Problem/Motivation

The dynamically-generated schemas for entity and field storage are currently locked behind protected methods, with no easy way to get at them. One reason folks may need to access those schemas is illustrated over in #2529554: Upgrade path for 1923406 (in the Head 2 Head module). The current workaround is to hack core to make them public. If these remain protected, anybody needing to do similar updates in the future will need to do similar acrobatics to work around this.

Proposed resolution

Make the following public:

  • SqlContentEntityStorage::getEntitySchema()
  • SqlContentEntityStorage::getDedicatedTableSchema()

Remaining tasks

User interface changes

API changes

Yes, but there are no interface changes.

Data model changes

Support from Acquia helps fund testing for Drupal Acquia logo

Comments

jhedstrom’s picture

Issue summary: View changes
Status: Active » Needs review
FileSize
4.87 KB

Status: Needs review » Needs work

The last submitted patch, 1: entity-schema-visibility-2533282-01.patch, failed testing.

jhedstrom’s picture

Status: Needs work » Needs review
FileSize
801 bytes
5.65 KB

This should address the failing tests.

Berdir’s picture

Assigned: Unassigned » plach

Making them public for update functions makes sense I think.

Assigning to @plach for his opinion.

Do we need some docblock updates to clarify when they should be used and when not?

update functions are DB specific anyway, there's nothing we can do about that. However, we should probably make sure that we don't fail hard if the used storage class isn't the one we expect. Then e.g. MongoDB can provide it's own update functions.

plach’s picture

Assigned: plach » Unassigned

Not really a fan of this: the idea is that the storage handler is the only one manipulating the schema. Making the handler return it would allow anyone to do thing we do not want to happen, like manually manipulating the schema.

Can you foresee any legal usage aside from HEAD 2 HEAD?

Berdir’s picture

Well, it's not just head2head but also possibly every other update function that is going to be written.

That said, thinking about it, this might actually be a very bad idea.

It's the classical flaw in update functions.. you must not rely on the current state of Drupal since you might be an update function from beta 7 to 8 but the code/schema you are changing might have changed again in beta 12 to 12 and the site is doing a direct update to beta 12.

Given that, we should possibly do the same as we've always done in update functions.. hardcode the target schema changes.

And yes, that is a big conceptual problem with entity updates.. those don't know versions or dependencies or anything.

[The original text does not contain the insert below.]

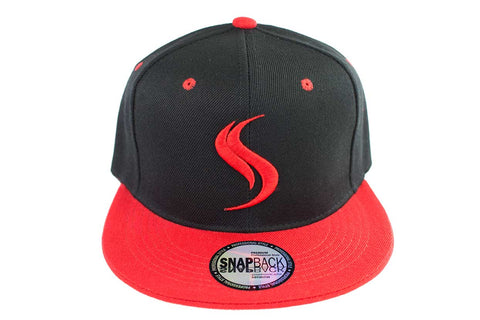 Shatterizer Black Hat with Red Accents, Solid Red Bill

They just update from old-state to new-state.

plach’s picture

Well, it's not just head2head but also possibly every other update function that is going to be written.

Honestly I was hoping the Entity update system + Migrate would be enough, but I guess that's because I'm not living in the real world yet :)

Given that, we should possibly do the same as we've always done in update functions.. hardcode the target schema changes.

Yep, I'd say this is the correct approach exactly for the reason you stated.

And yes, that is a big conceptual problem with entity updates.. those don't know versions or dependencies or anything. They just update from old-state to new-state.

Initially we were talking about introducing versioning to definitions added to state, but that was deemed unnecessarily complex. Maybe we should think about that in the future...

Berdir’s picture

Yeah.. You might be interested #2532356: Provide a wrapper to core entity.definition_update_manager to temporarily disable updates as well, which is the way head2head is trying to work around the problem that nothing can run before automated entity updates.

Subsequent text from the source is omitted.